Required action: Reproduce, unchanged, the lines between the one holding "Çocuklar; Ronald Show ile Doyasıya Eğlendi" and the last line of the records, including both ends, but no pictures.

(Source data)

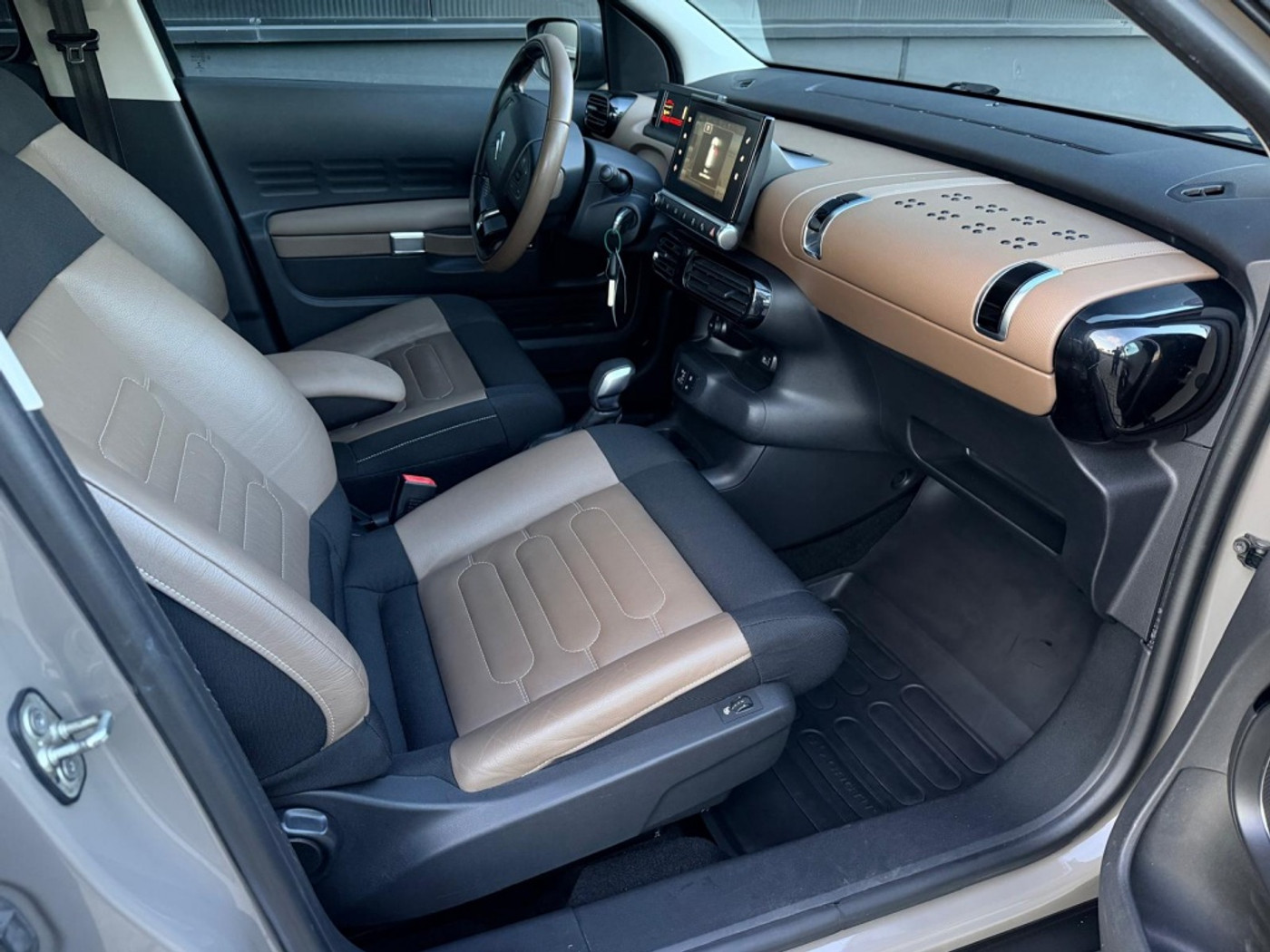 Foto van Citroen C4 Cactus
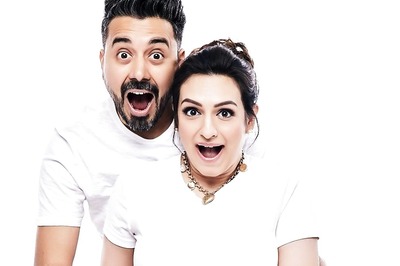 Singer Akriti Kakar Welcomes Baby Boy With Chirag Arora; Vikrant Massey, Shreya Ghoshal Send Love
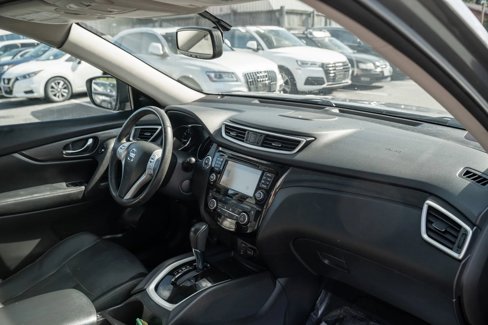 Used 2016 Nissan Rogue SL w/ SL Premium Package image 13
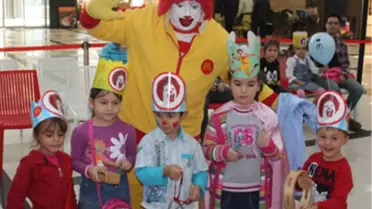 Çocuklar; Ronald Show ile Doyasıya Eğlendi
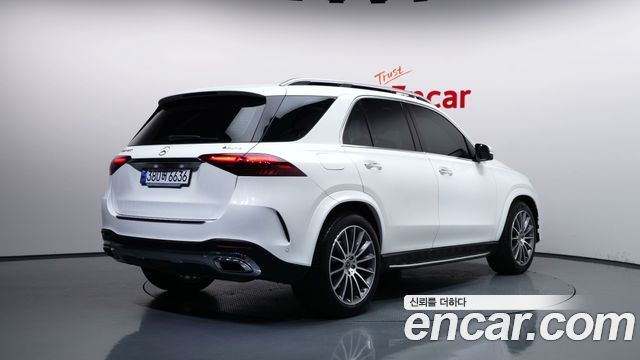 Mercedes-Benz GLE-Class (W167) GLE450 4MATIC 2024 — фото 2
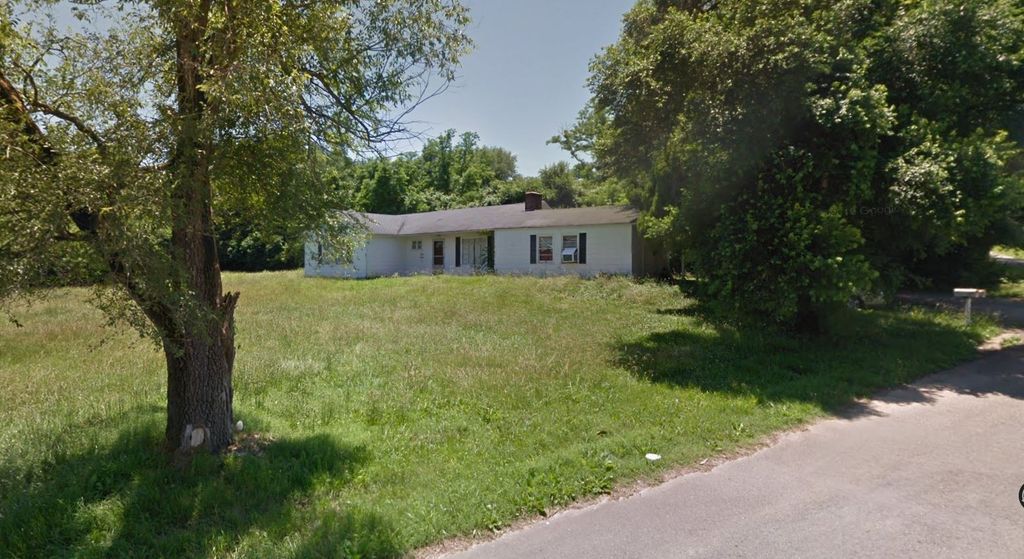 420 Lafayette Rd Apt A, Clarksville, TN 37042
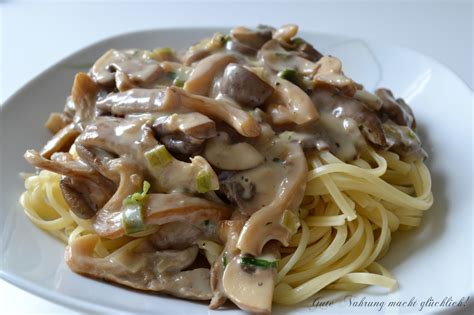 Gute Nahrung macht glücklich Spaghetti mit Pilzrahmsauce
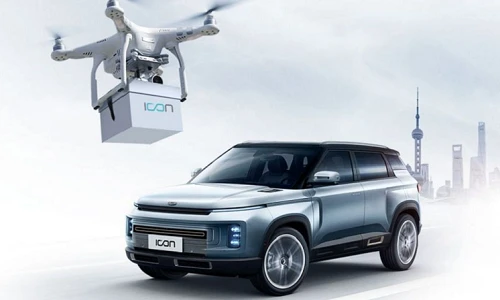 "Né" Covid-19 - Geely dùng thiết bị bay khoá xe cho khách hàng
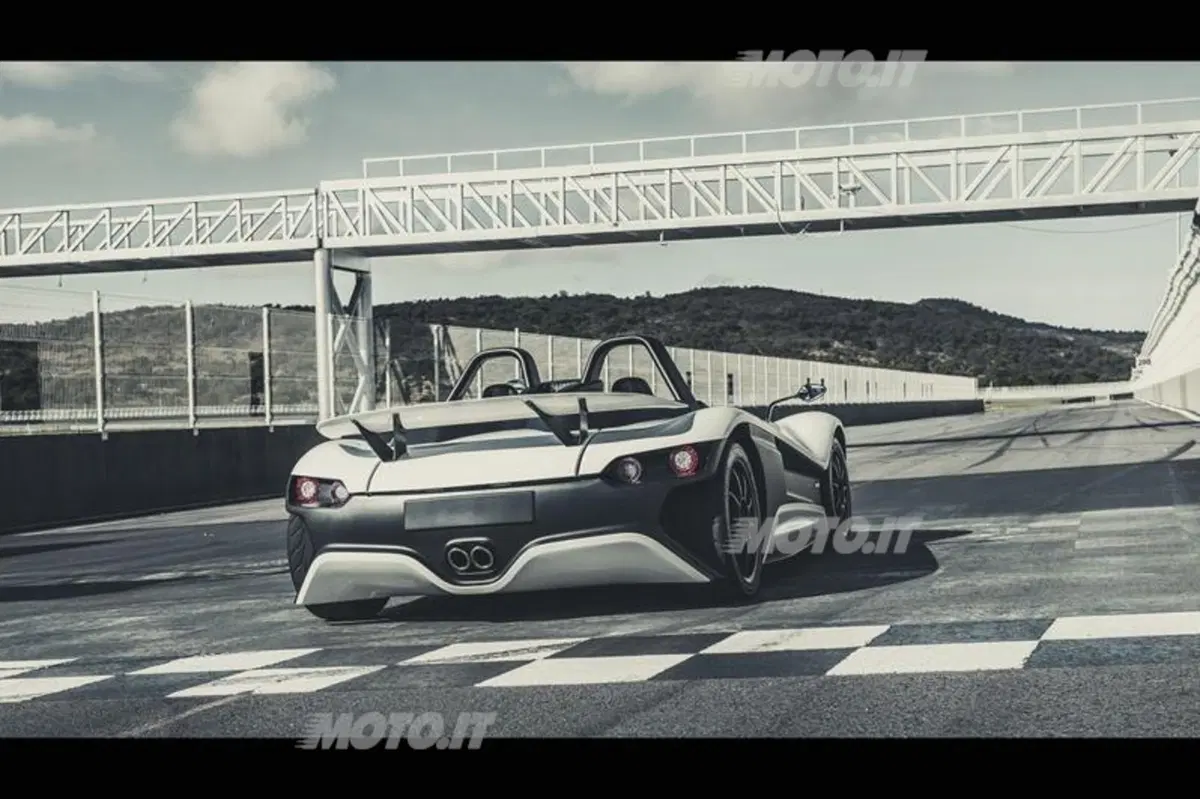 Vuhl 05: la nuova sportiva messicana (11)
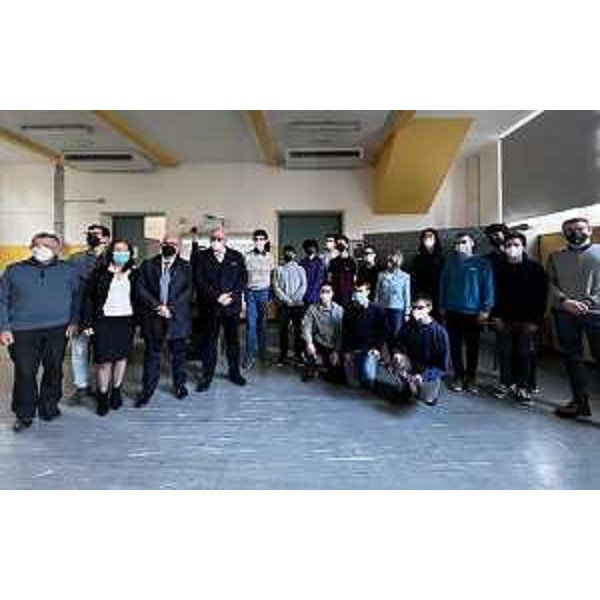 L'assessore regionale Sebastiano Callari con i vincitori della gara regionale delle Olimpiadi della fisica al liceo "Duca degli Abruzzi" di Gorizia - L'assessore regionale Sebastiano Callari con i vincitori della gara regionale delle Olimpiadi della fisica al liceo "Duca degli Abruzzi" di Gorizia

Completed exercise:
 Çocuklar; Ronald Show ile Doyasıya Eğlendi
 Mercedes-Benz GLE-Class (W167) GLE450 4MATIC 2024 — фото 2
 420 Lafayette Rd Apt A, Clarksville, TN 37042
 Gute Nahrung macht glücklich Spaghetti mit Pilzrahmsauce
 "Né" Covid-19 - Geely dùng thiết bị bay khoá xe cho khách hàng
 Vuhl 05: la nuova sportiva messicana (11)
 L'assessore regionale Sebastiano Callari con i vincitori della gara regionale delle Olimpiadi della fisica al liceo "Duca degli Abruzzi" di Gorizia - L'assessore regionale Sebastiano Callari con i vincitori della gara regionale delle Olimpiadi della fisica al liceo "Duca degli Abruzzi" di Gorizia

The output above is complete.